OpenTelemetry (often abbreviated as OTel) is an open-source observability framework that provides a collection of tools, APIs, and SDKs for collecting three primary types of telemetry data:
- Traces: Detailed records of requests as they flow through distributed systems
- Metrics: Numerical measurements collected at regular intervals
- Logs: Time-stamped records of discrete events
Why Integrate OpenTelemetry with Grafana?

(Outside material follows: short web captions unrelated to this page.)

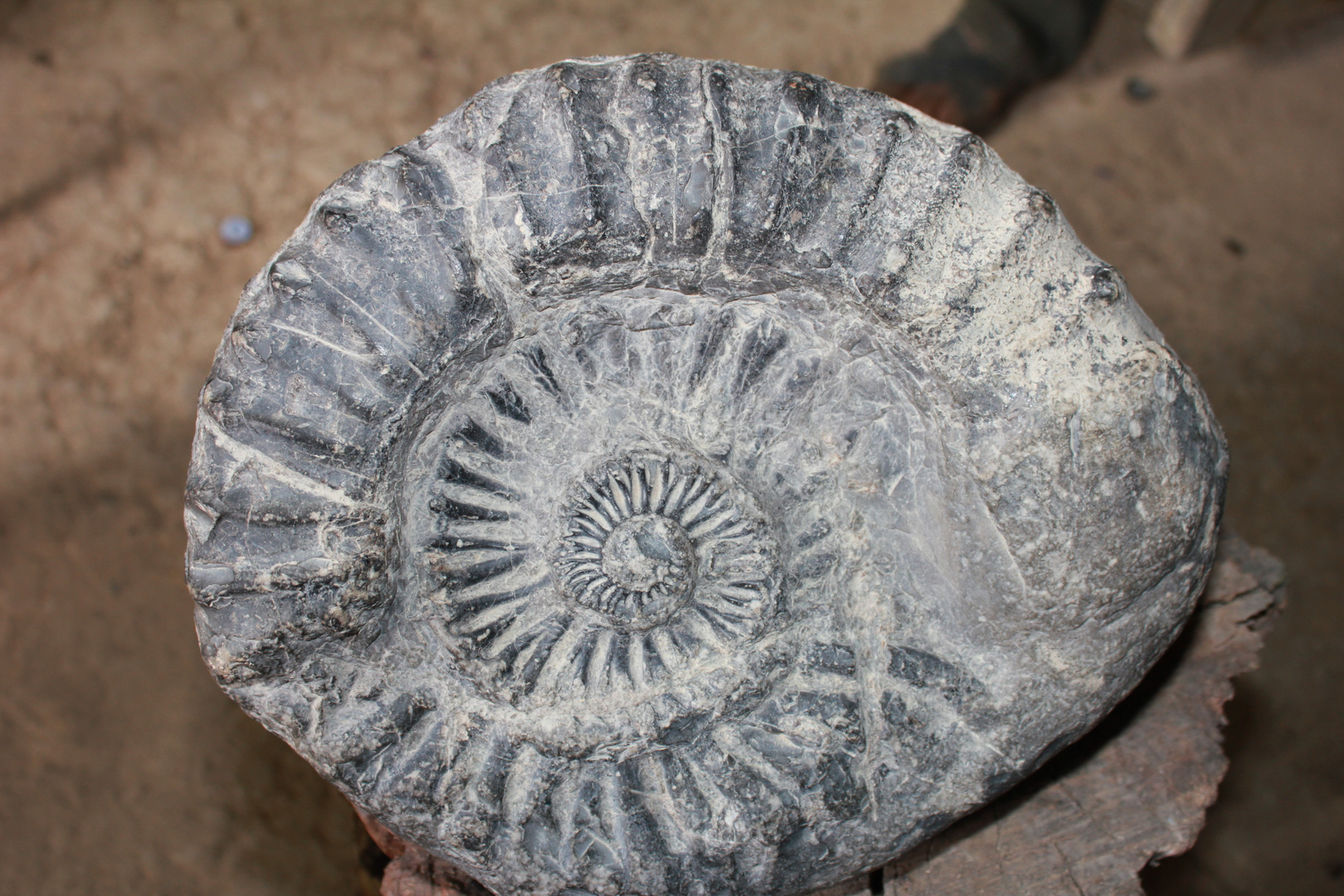 fosil de Caracol Paucamarca San Marcos Cajamarca perú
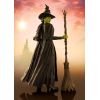 S.H. Figuarts Elphaba (Wicked) Main Thumbnail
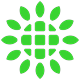 SHLS Stock Chart logo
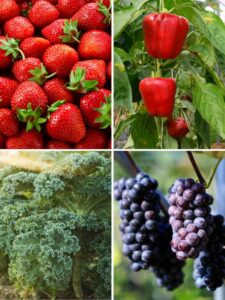 Strawberries, red bell peppers, grapes and kale.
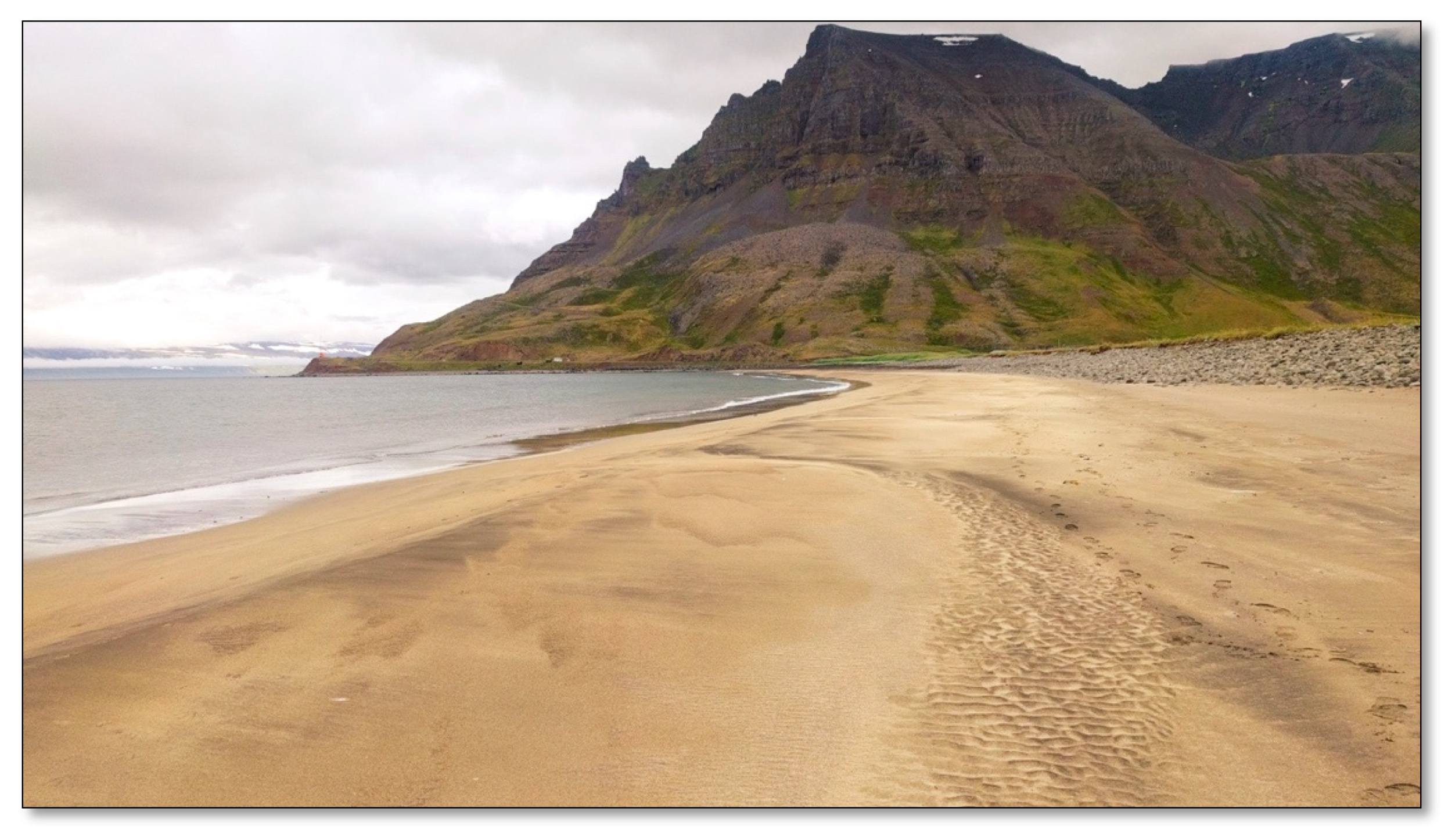 Ijerph 17 09095 g004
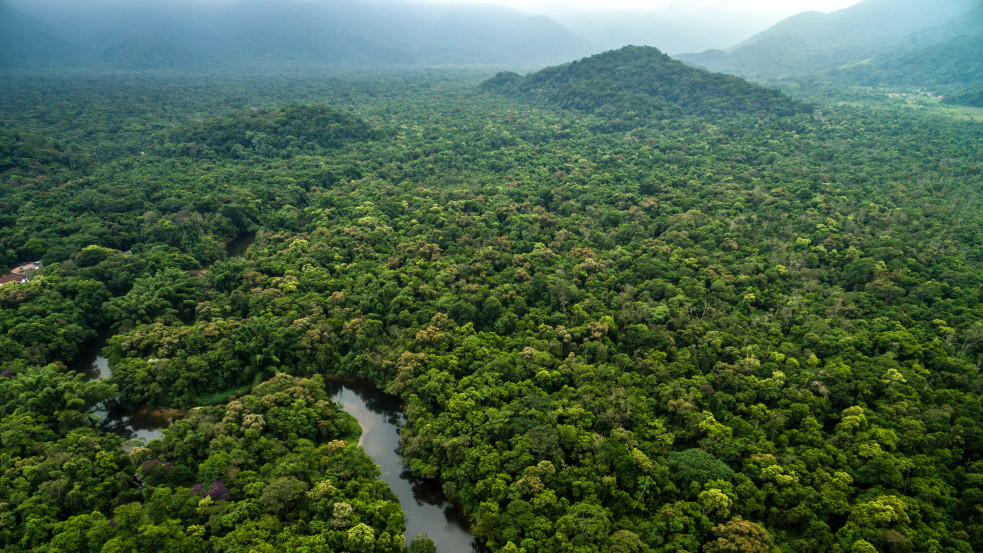 Meglepően fejlett, 2500 éves város romjaira bukkantak az Amazonas vidékén
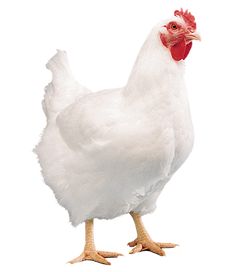 a white chicken with red combs standing in front of a white background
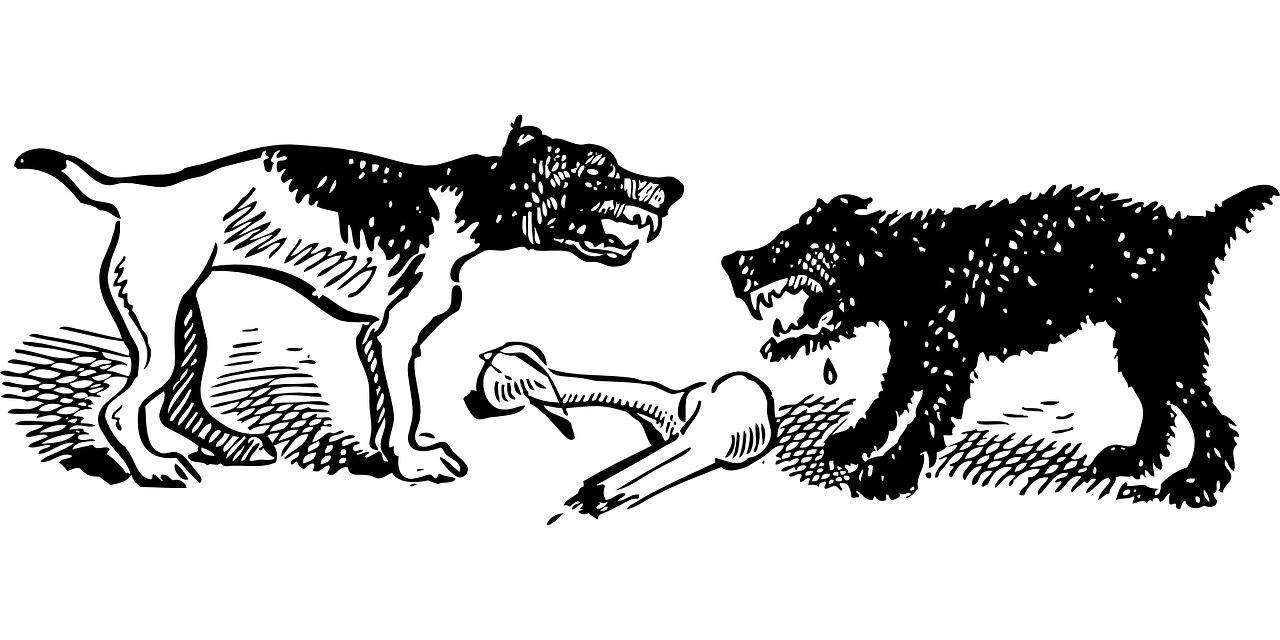 最新野生動(dòng)物保護(hù)名錄，守護(hù)自然之美的行動(dòng)綱領(lǐng)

Integrating OpenTelemetry with Grafana offers several benefits:
- Vendor-neutral instrumentation: Instrument your code once and send telemetry data to multiple backends
- Comprehensive observability: Collect metrics, traces, and logs using a single framework
- Wide language support: OpenTelemetry supports numerous programming languages
- Unified visualization: Use Grafana to create comprehensive dashboards combining all your telemetry data
- Simplified troubleshooting: Correlate metrics, logs, and traces in Grafana's Explore view
Setting Up OpenTelemetry for Grafana
Prerequisites
Before you begin, ensure you have:
- A running Grafana instance (version 7.0 or higher)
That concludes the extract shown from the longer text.